**EXERCISE**
All records are to be reproduced verbatim, with images omitted.

**DATA FOR REVIEW**
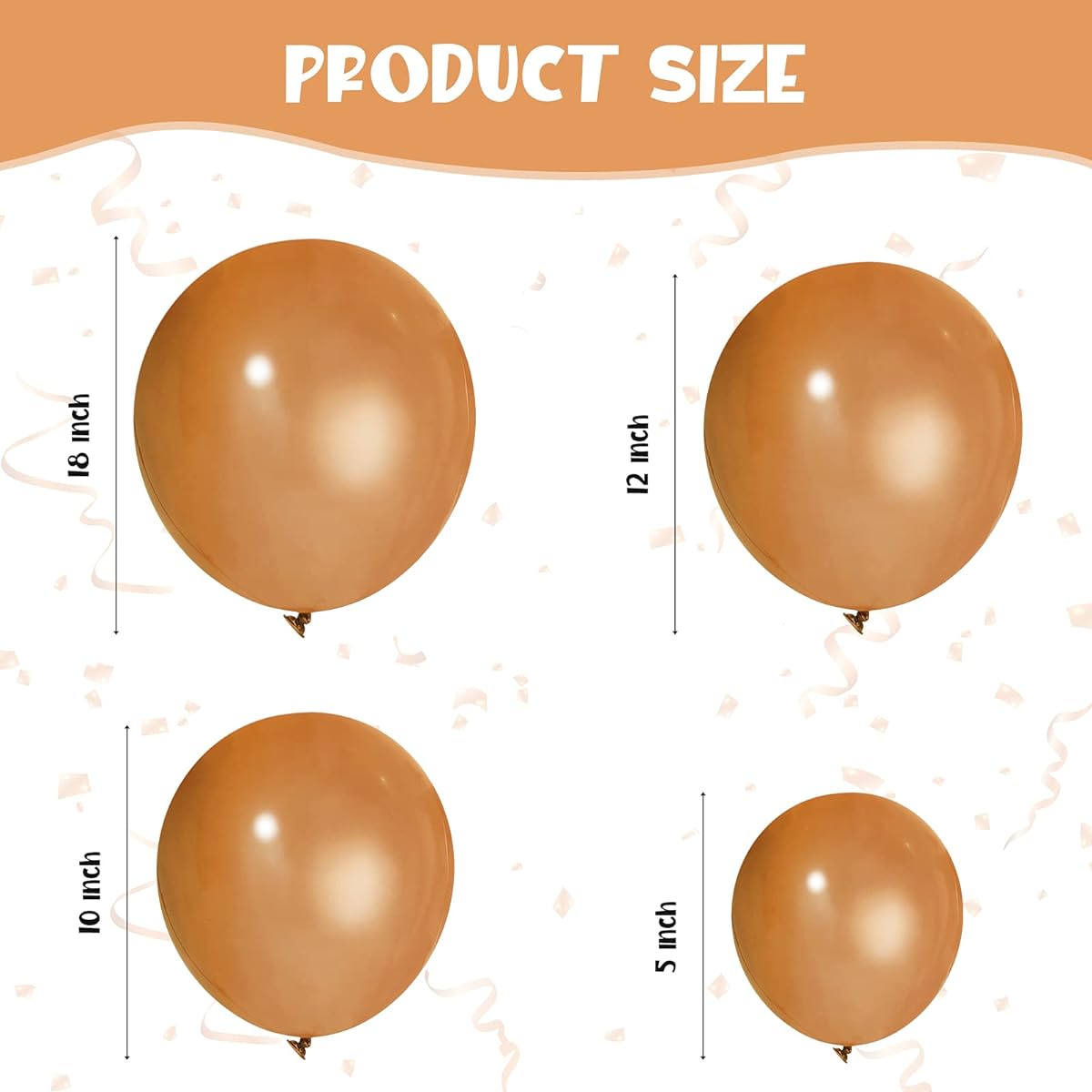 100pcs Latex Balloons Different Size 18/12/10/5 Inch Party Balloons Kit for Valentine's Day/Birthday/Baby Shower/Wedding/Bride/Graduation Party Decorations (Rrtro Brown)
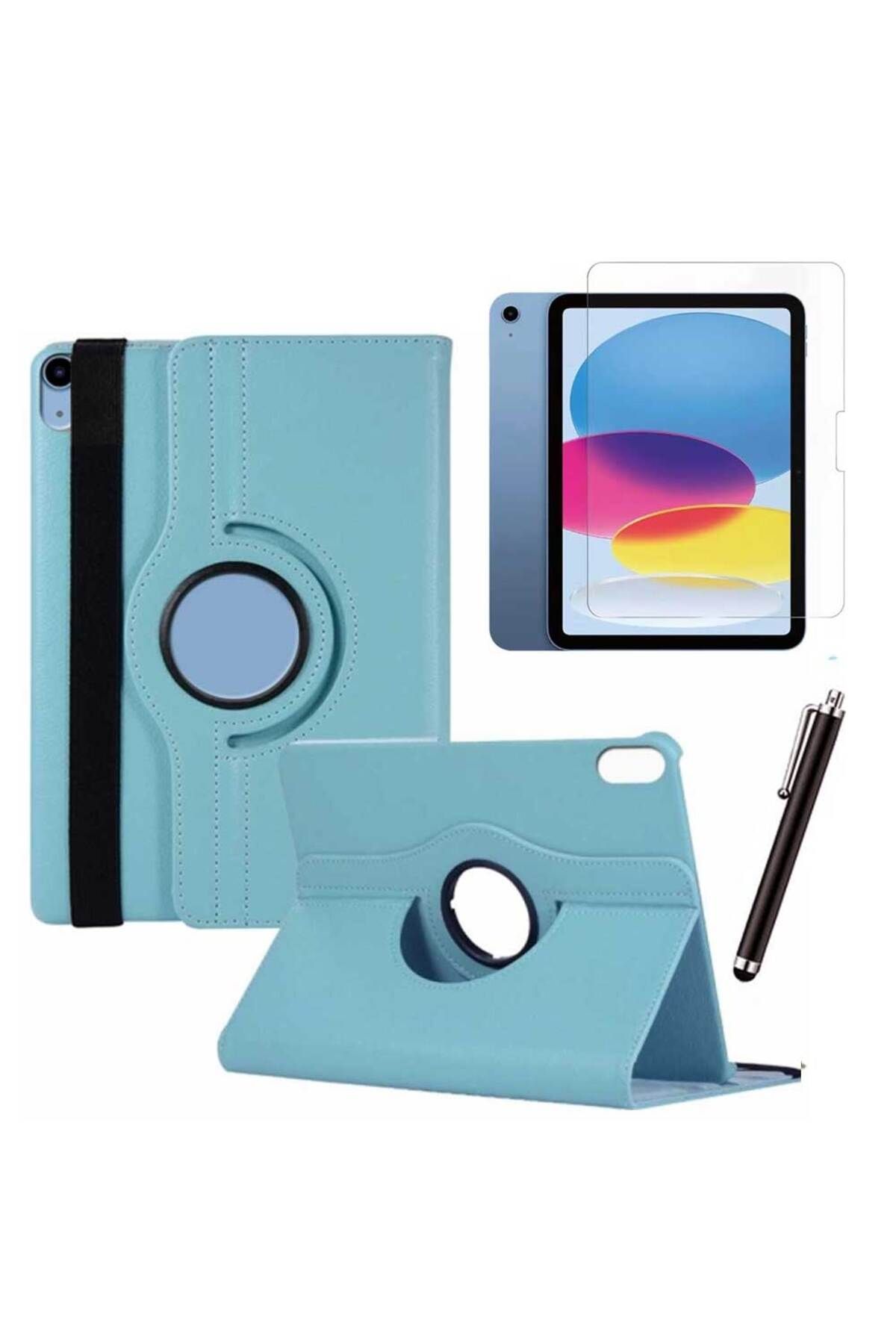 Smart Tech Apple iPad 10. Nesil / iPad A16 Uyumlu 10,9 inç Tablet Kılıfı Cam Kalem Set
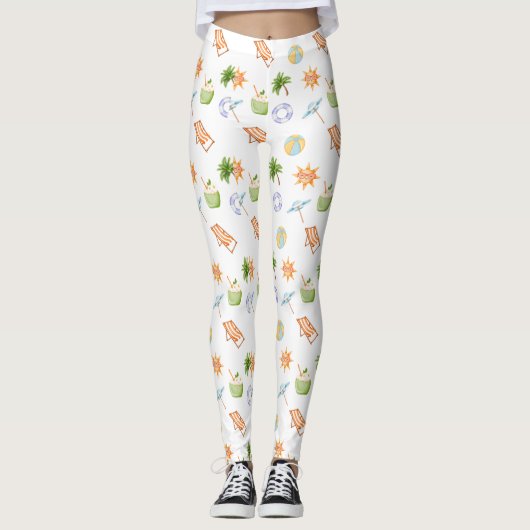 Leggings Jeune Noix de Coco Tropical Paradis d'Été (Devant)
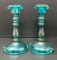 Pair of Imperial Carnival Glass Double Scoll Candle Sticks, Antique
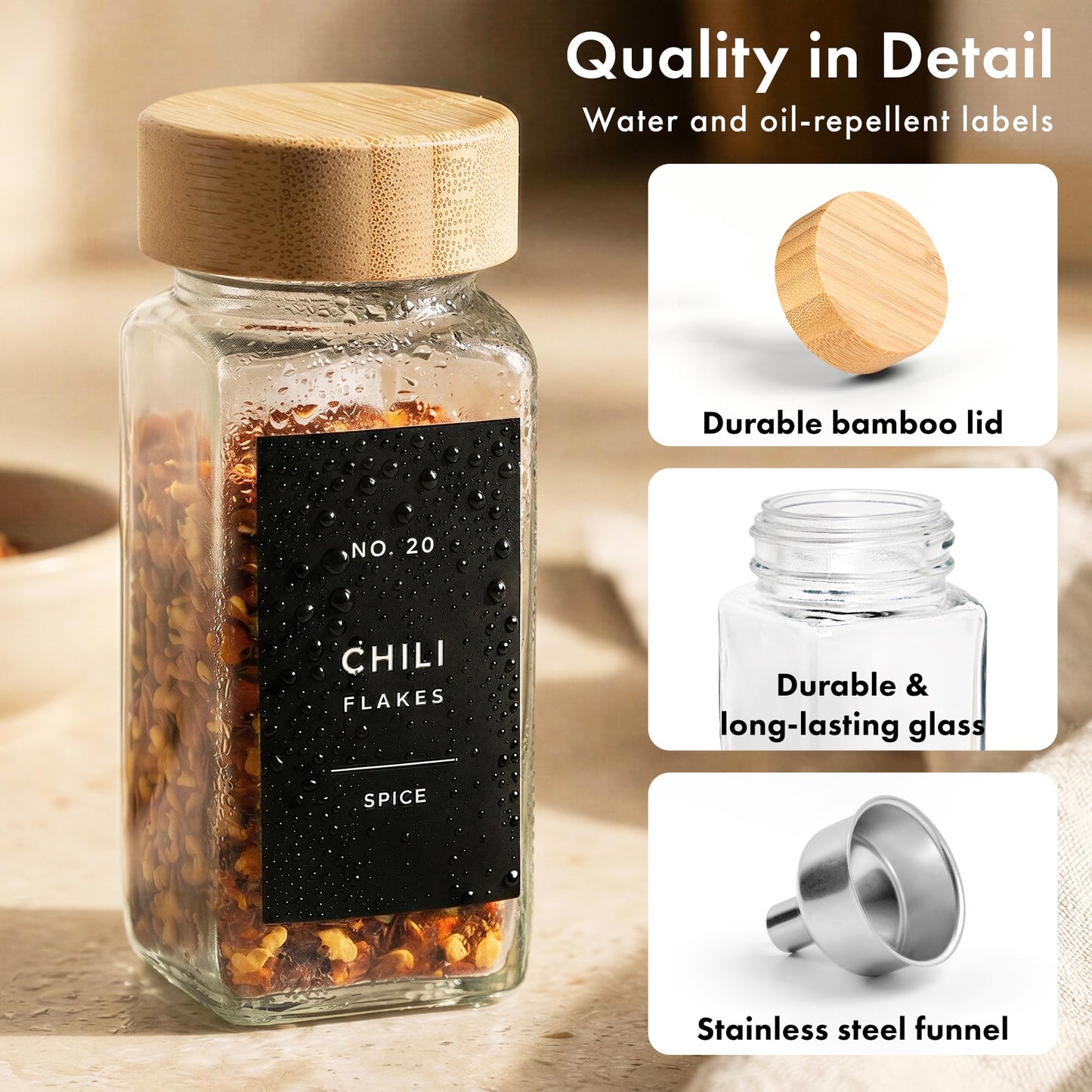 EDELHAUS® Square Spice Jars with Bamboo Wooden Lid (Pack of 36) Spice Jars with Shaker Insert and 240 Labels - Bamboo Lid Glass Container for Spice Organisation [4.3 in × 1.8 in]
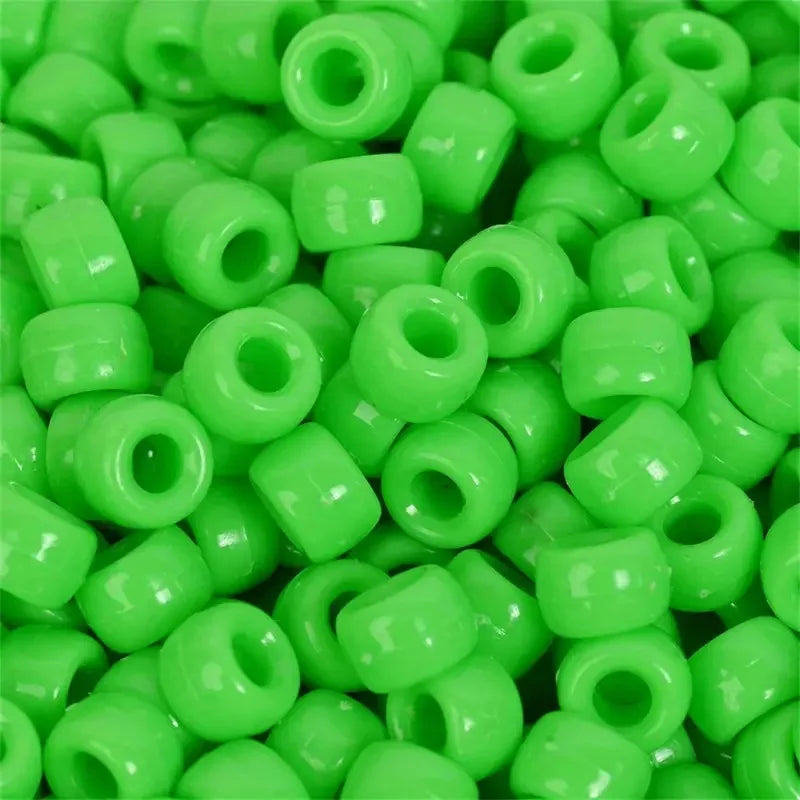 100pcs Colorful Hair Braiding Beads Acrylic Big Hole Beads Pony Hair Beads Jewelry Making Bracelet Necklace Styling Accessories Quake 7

**TASK SOLUTION**
 100pcs Latex Balloons Different Size 18/12/10/5 Inch Party Balloons Kit for Valentine's Day/Birthday/Baby Shower/Wedding/Bride/Graduation Party Decorations (Rrtro Brown)
 Smart Tech Apple iPad 10. Nesil / iPad A16 Uyumlu 10,9 inç Tablet Kılıfı Cam Kalem Set
 Leggings Jeune Noix de Coco Tropical Paradis d'Été (Devant)
 Pair of Imperial Carnival Glass Double Scoll Candle Sticks, Antique
 EDELHAUS® Square Spice Jars with Bamboo Wooden Lid (Pack of 36) Spice Jars with Shaker Insert and 240 Labels - Bamboo Lid Glass Container for Spice Organisation [4.3 in × 1.8 in]
 100pcs Colorful Hair Braiding Beads Acrylic Big Hole Beads Pony Hair Beads Jewelry Making Bracelet Necklace Styling Accessories Quake 7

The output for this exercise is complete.